Sanchi stupa Madhya Pradesh
  • It was constructed in the 3rd century BCE by Ashoka.
  • Bricks were used to construct the original construction. It was afterward covered with stone, vedica, and torana (gateway).
  • The stupa has four entrances, with the southern one being the first to be completed. Others were added subsequently. The gateways are ornately carved and ornamented with statues.
  • Since 1989, Sanchi Stupa has been a UNESCO World Heritage Site.

Dhamek stupa.

Uttar Pradesh
  • Dhamek Stupa is a huge stupa in Sarnath, Uttar Pradesh,
  • It was built in 500 CE to replace an earlier structure, together with numerous other monuments, commissioned by Ashoka in 249 BCE to commemorate the Buddha’s activities in this region.
  • The Dhamek Stupa is supposed to be built on the site of Rishipattana, where after obtaining enlightenment, Buddha gave his first sermon to his first five Brahmin students, “revealing his Eightfold Path leading to nirvana.”

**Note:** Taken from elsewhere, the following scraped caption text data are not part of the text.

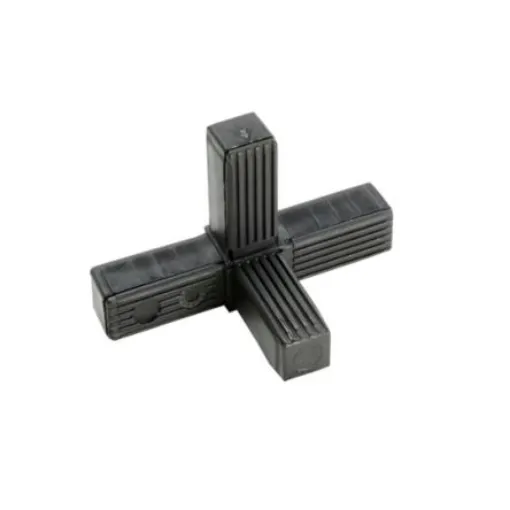 RS PRO 4-Way Connector, Square Tube Connector, Strut Profile 25 mm - 2741116 product image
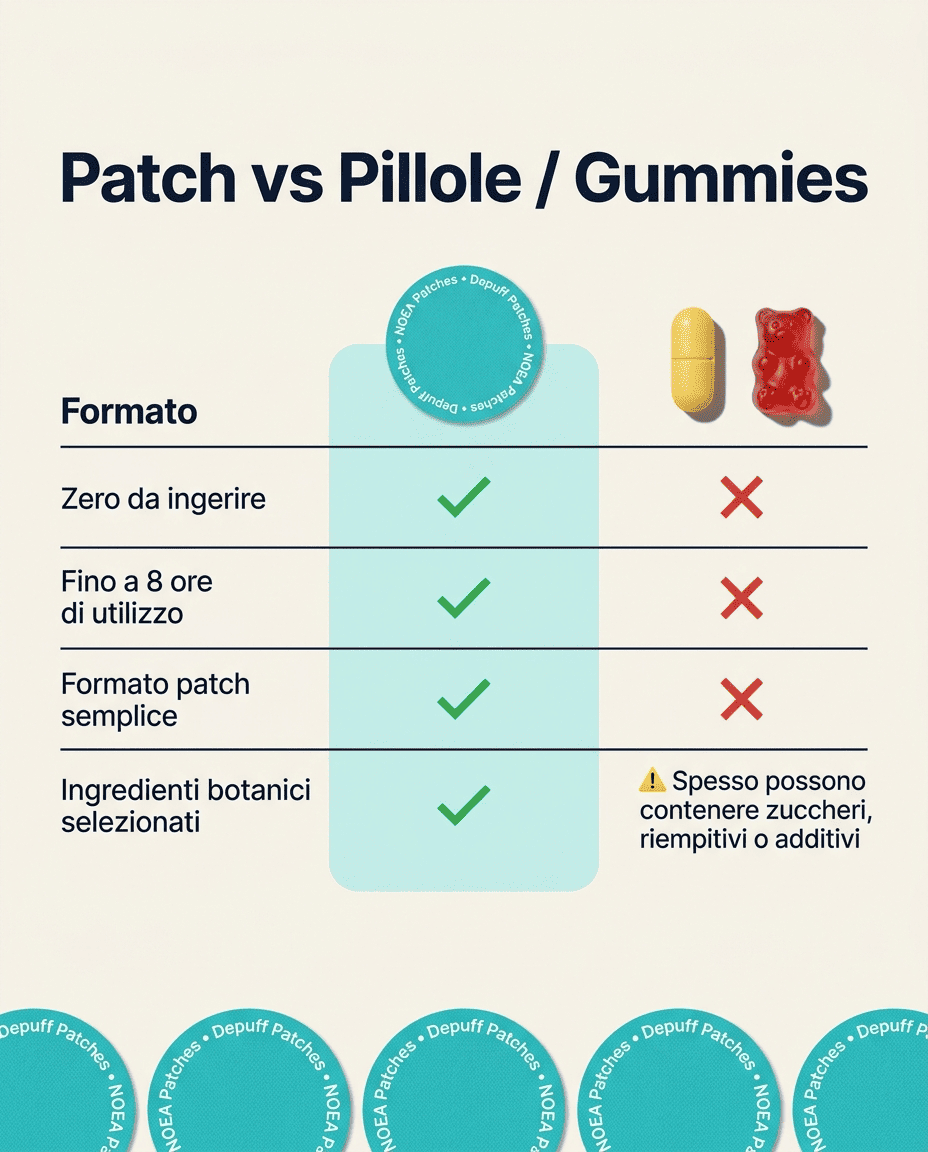 Depuff - Patch per il gonfiore
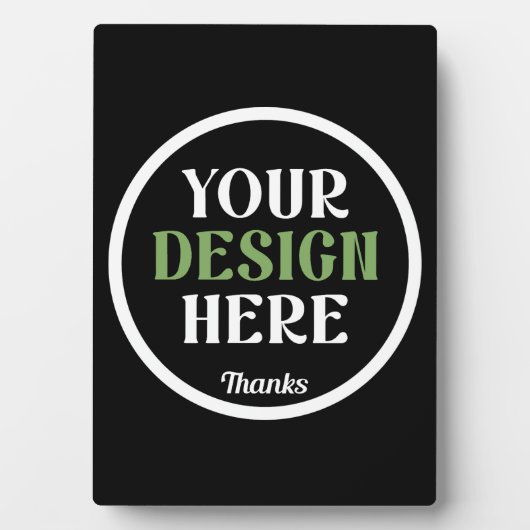 Aangepast, uniek, slank en minimalistisch fotoplaat (voorkant)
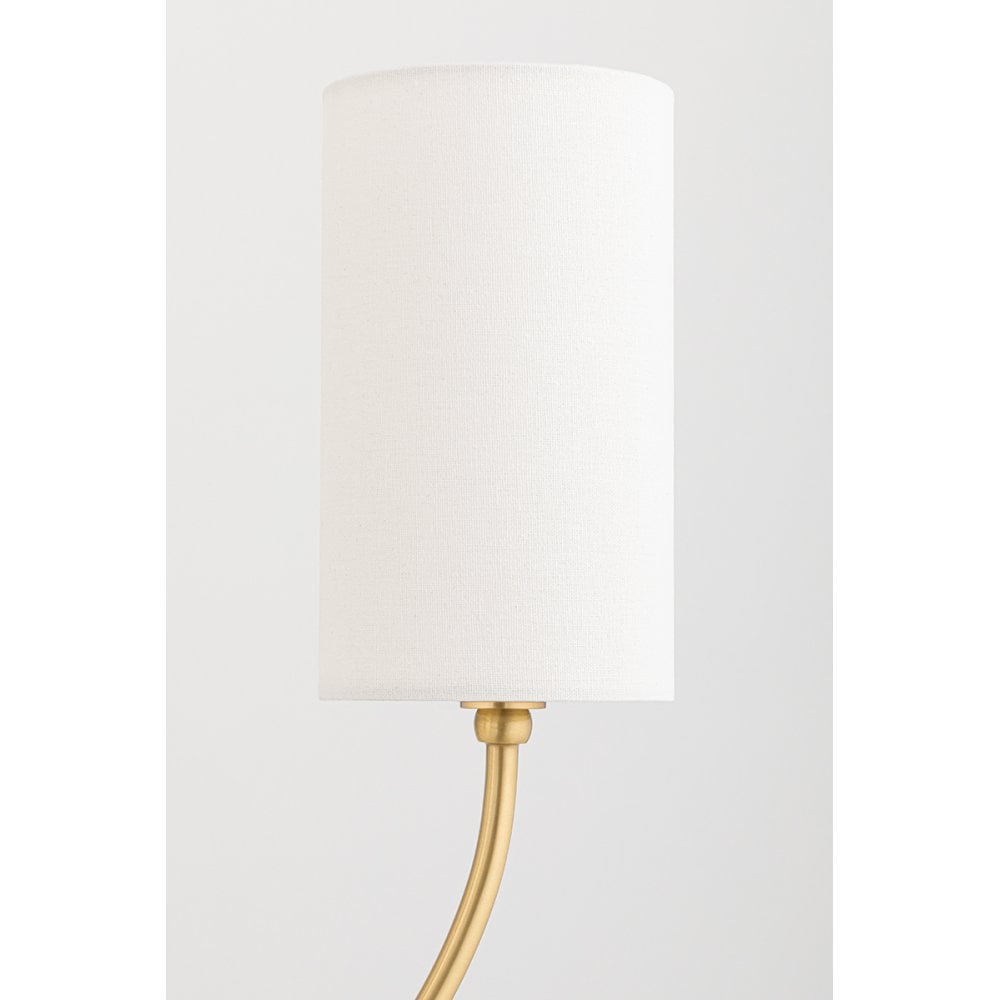 Elegant 1-Light Harlem Wall Sconce in Antique Brass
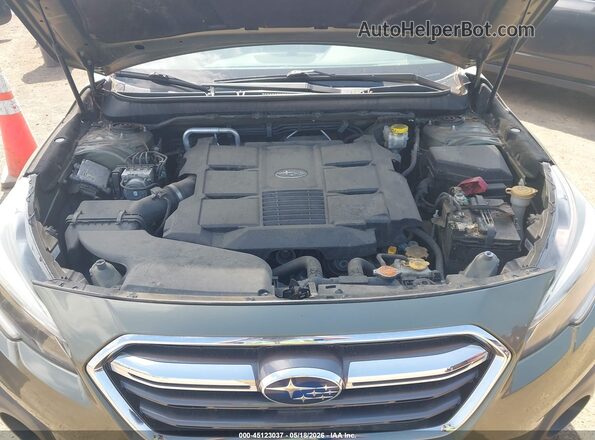 4S4BSENC3J3355288 2018 SUBARU OUTBACK Green Widok z tyłu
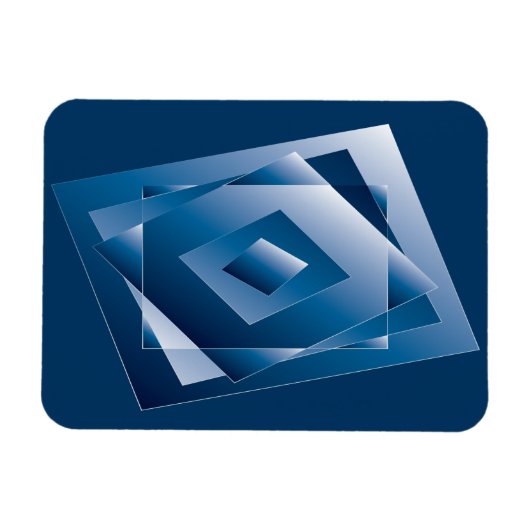 blauwe gradiënt 1 magneet (Horizontaal)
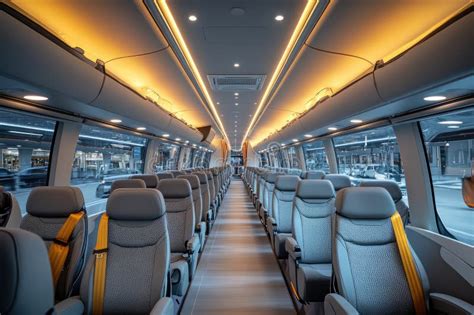 Comfortable coach interior
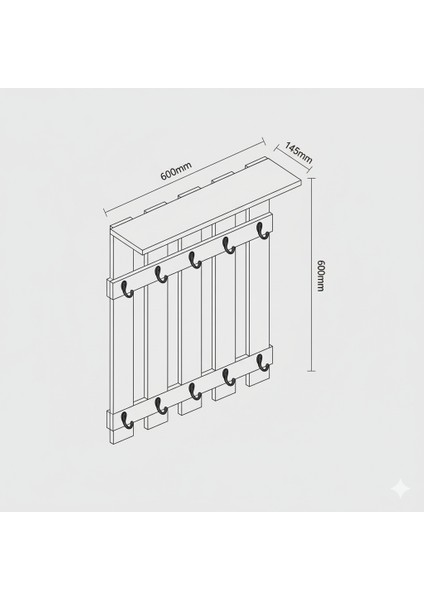 Askılık Lin Beyaz fiyatları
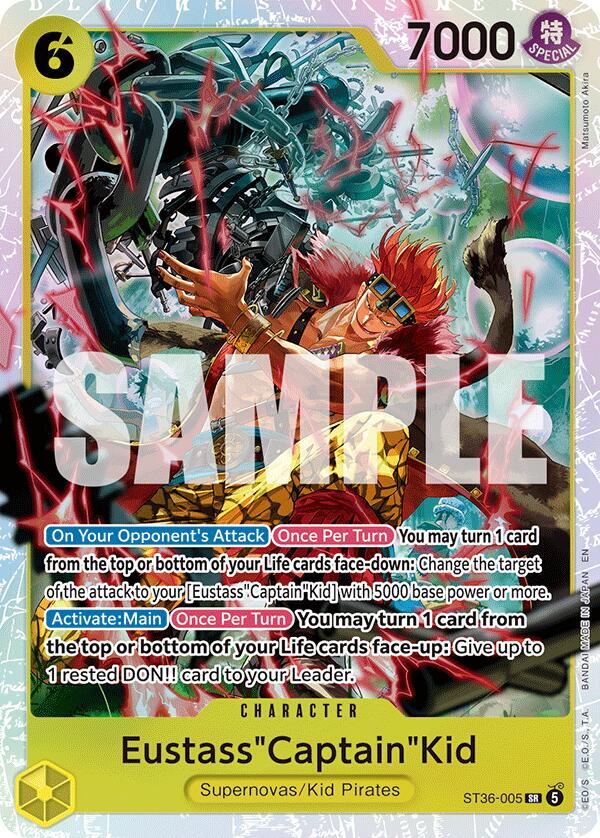 Eustass"Captain"Kid (ST36-005) [Foil] (Starter Deck 36: YELLOW Eustass"Captain"Kid)(ST36-005)(SR)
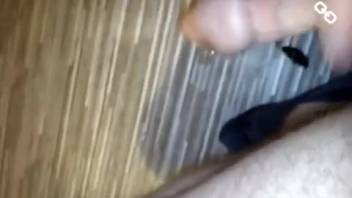 Aroused guy flaunts masturbating in bestiality clips
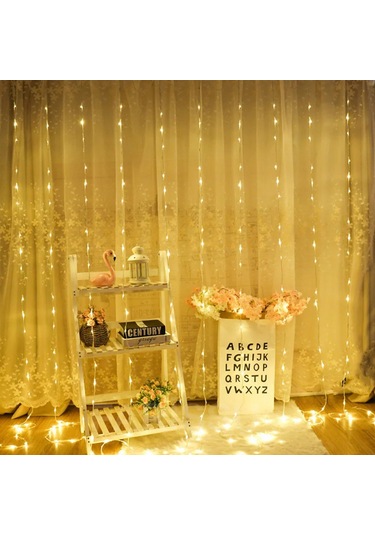 Fişli Peri Led Işık Gün Işığı Renk 10 Metre 100 Led Şeffaf Kablo 8 Modlu Dış Mekan Dekoratif Aydınlatma Gün Işığı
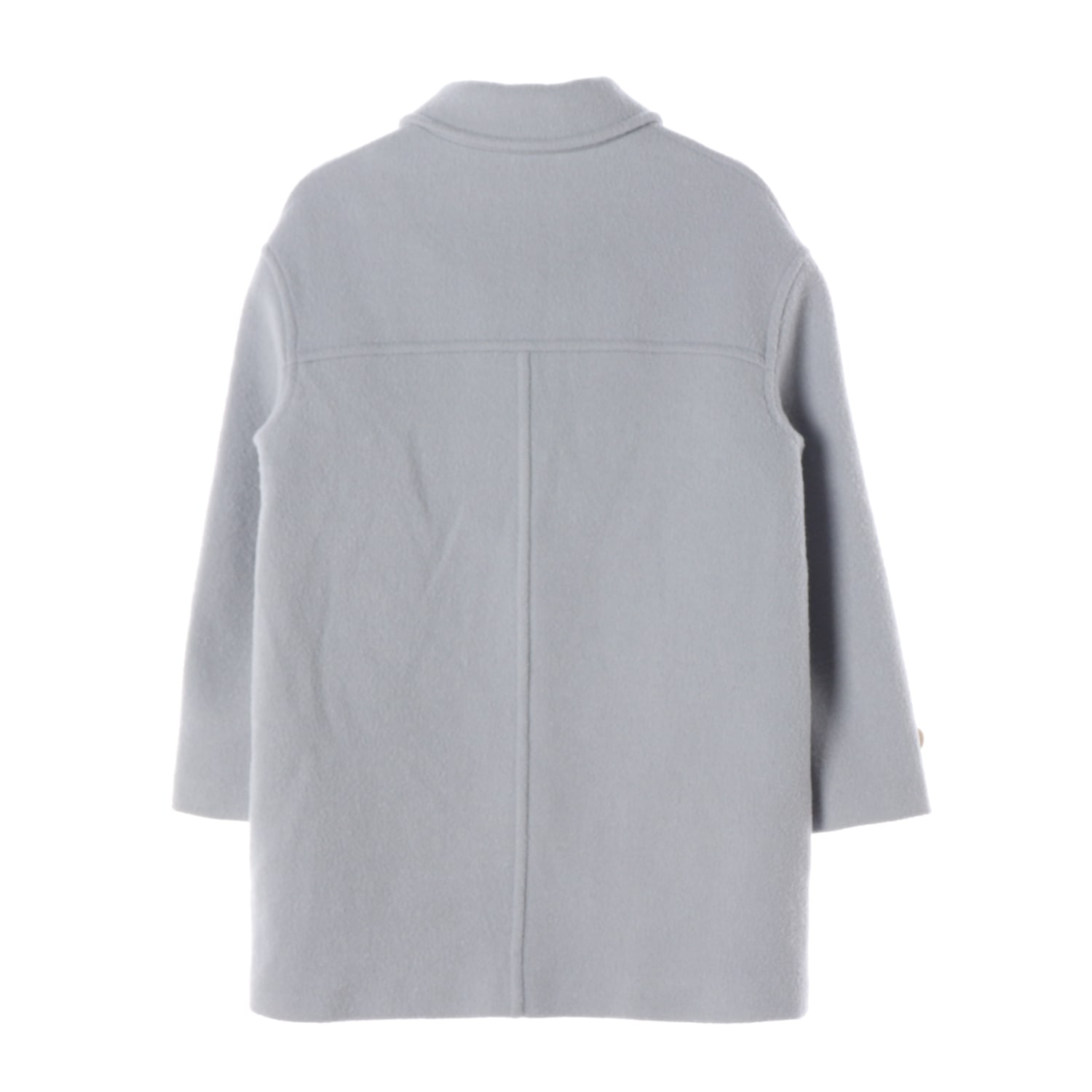 룩캐스트 24FW 헤일리 울 부클 하프 코트 아쿠아블루 이미지 3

Amaravati stupa Andhra Pradesh
  • The Amravati Stupa, also known as the Great Stupa of Amravati, is a damaged Buddhist monument.
  • It was probably built in phases between the third century BCE and about 250 CE.
  • The Archaeological Survey of India is in charge of safeguarding the site.
  • The site’s notable sculptures are now housed at a number of museums in India and overseas, many of which are severely damaged.
Bharhut Stupa Madhya Pradesh
  • The Sungas adapted the Bharhut stupa, which was originally erected by Asoka.
  • Unlike the Mauryas’ imperial art, the reliefs and figures in Bharhut stupa were provided by laypeople, monks, and nuns, according to inscriptions on the railings.
  • As a result, it is considered one of the earliest instances of Maurya’s popular art.
Nagarjunakonda Andhra Pradesh
  • Nagarjunakonda is an ancient town that is now an island at Nagarjuna Sagar, west of the Amaravati Stupa, another notable historic landmark.
  • Nagarjunakonda is home to the remnants of various Mahayana Buddhist and Hindu sanctuaries.
  • It is one of India’s most important Buddhist sites, but it is currently nearly fully submerged beneath the Nagarjunasagar Dam.
Piprahwa Uttar Pradesh
  • Piprahwa is most known for its archaeological site and excavations, which imply that it was the site of the Buddha’s ashes being handed to his own Sakya clan.
  • The site contains a massive stupa, as well as the ruins of many monasteries and a museum.
  • At the nearby Ganwaria mound, ancient residential complexes and temples were discovered.
Soneri stupa Madhyapradesh
  • Sonari is the ancient monastic complex of Buddhist stupas’ archaeological site.
  • Sonari, like Sanchi, is a Buddhist stupa complex with two major and five minor stupas.
  • Alexander Cunningham uncovered two boxes carrying relics while excavating the stupas around 1850.